Themawechsel: Ha'aretz erzählt in seiner Wochenendausgabe unter dem Titel "SS-Offizier und Gentleman" von SS-Brigadeführer Karl Rink, der mit einer Jüdin verheiratet und dennoch ein überzeugter Nationalsozialist war - bis auf die Judenfrage. Das Paar lebte in Berlin und hatte eine Tochter. Der a Bissl naive Rink versuchte, die beiden, die eh auch von der jüdischen Umgebung ausgestoßen wurden, zu schützen, solange er nur konnte. Doch schließlich wurde ihm ein Ultimatum gestellt: Entweder er lässt sich scheiden oder er wird als Jude (in dem Fall also Geltungsjude) behandelt. Rink entschied sich für den Nationalsozialismus. Die Frau wurde kurz nachher auf Befehl von Rinks Vorgesetztem ermordet. Im allerletzten Augenblick, am Vorabend des Krieges, erfüllte er noch sein Verprechen an seine Frau und schickte seine Tochter nach Israel, die heute in einem Kibbutz lebt.
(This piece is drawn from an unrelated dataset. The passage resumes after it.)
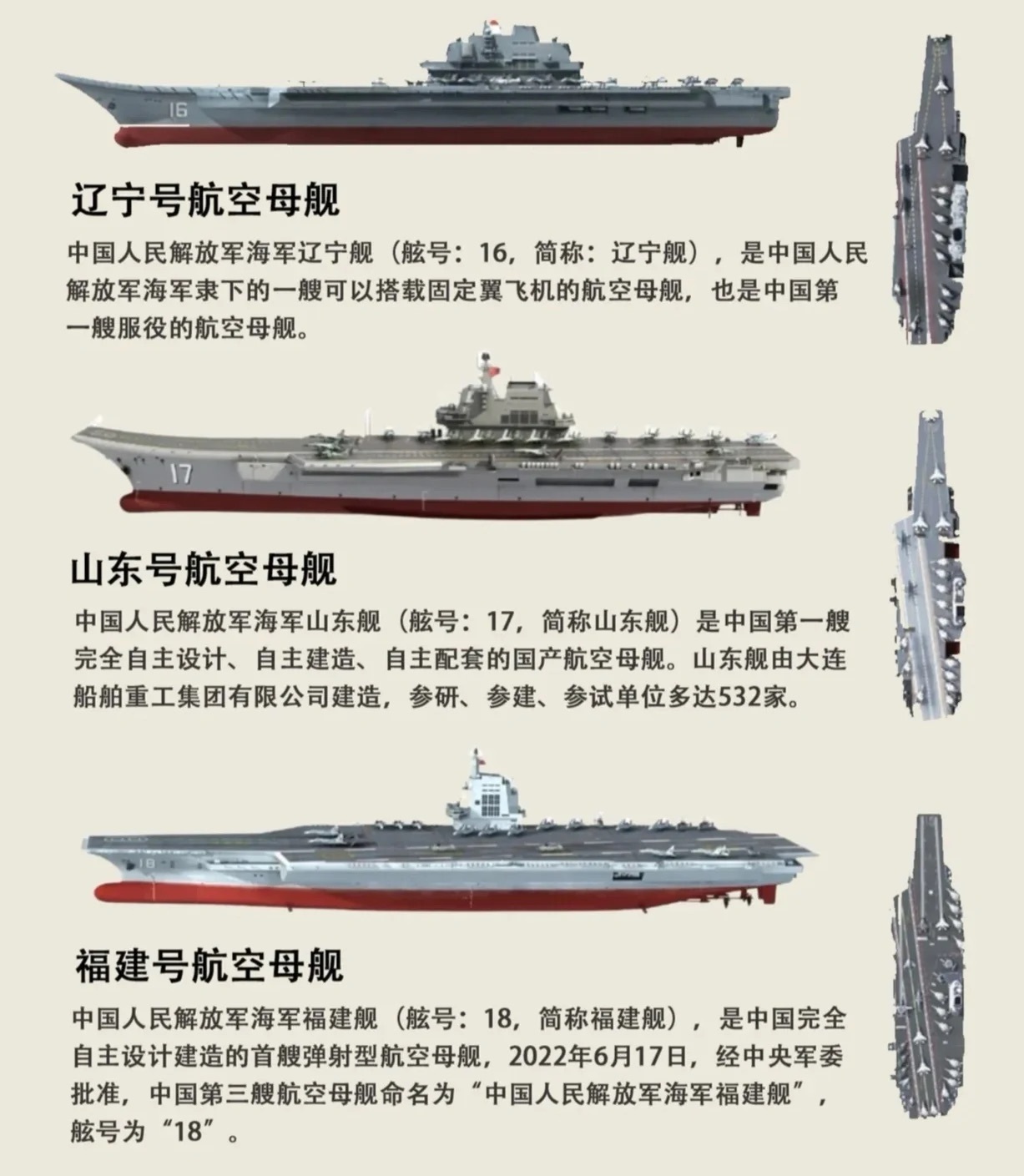 我国航母概览，强大的海上力量展现，我国航母概览，展现强大的海上力量风采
Im Kriege war er in osteuropäischen Ghettos tätig, setzte sich aber verschiedentlich für Juden ein. Nach dem Krieg erfuhr er, wie seine Frau umgebracht wurde, und ermordete seinen ehemaligen Vorgesetzten.

Später hat er Briefe mit seiner Tochter gewechselt, die lange noch davon überzeugt gewesen ist, dass er ein ausgesprochener Kriegsverbrecher war. Doch Überlebende, denen er half, haben ihr von ihm erzählt. Diese Zeitzeugen haben ihm auch die Möglichkeit verschaffen, nach Israel einzureisen ohne in Haft genommen zu werden. Eine Woche vor seiner geplaten Reise verriet ihm sein Herz und er starb in Berlin.
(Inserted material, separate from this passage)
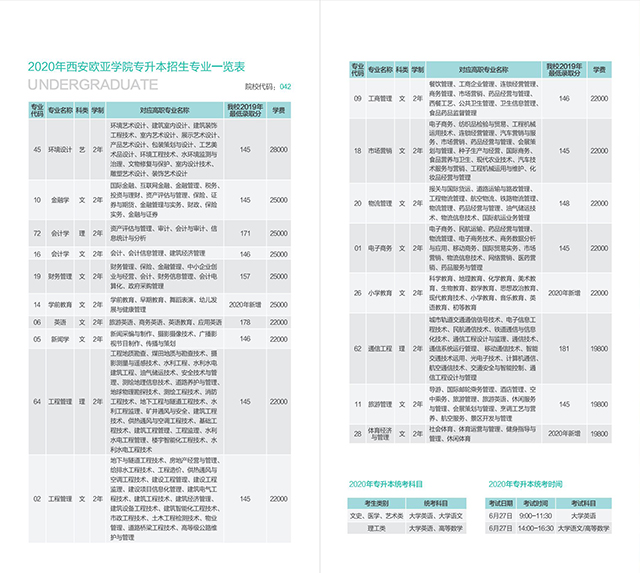 2020西安欧亚学院专升本招生简章（含考试科目）(图1)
Eine in Deutschland wohl noch unbekannte Figur?

2 Kommentar(e):

Noktavian hat gesagt…

Der Beitrag über Karl Rink ist ja hochinteressant. Schade, dass es den Ha'aretz-Artikel nur auf Hebräisch gibt.

Anonym hat gesagt…

Ja, der Fall Rink war mir bis jetzt auch nicht bekannt. Es ist schön, in einer Weise von Leuten von früher zu erfahren, die etwas genauer und vielschichtiger beschreibt und nicht von vornherein in Schwarz-Weiß malt.
Menschen fair zu beurteilen, ist das Schwierigste überhaupt, und jedesmal müßte man alles über ihn und sein gesamtes Seelenleben, seine Motivationen, seine Vorgeschichte, seine Prägungen, ... wissen. Jedem Menschen, auch dem Massenmörder sollte Menschenwürde zugedacht werden, weil kein Mensch einen anderen zur Gänze bewerten kann. Deshalb auch keine Todesstrafe, sondern zeitlebens die Möglichkeit der Wiedergutmachung und, falls nicht möglich, wenigstens des Bereuens und Verarbeitens mit anderen.
Auch in der heutigen Zeit kommen wir alle ob unserer Tatenlosigkeit nicht ohne Schuld durchs Leben.
Es gilt wohl im Leben, eher Schuld auf sich zu nehmen und abzubauen als Schuld zuzuweisen. Ob es letztlich überhaupt Schuld gibt, wissen wir auch nicht ganz.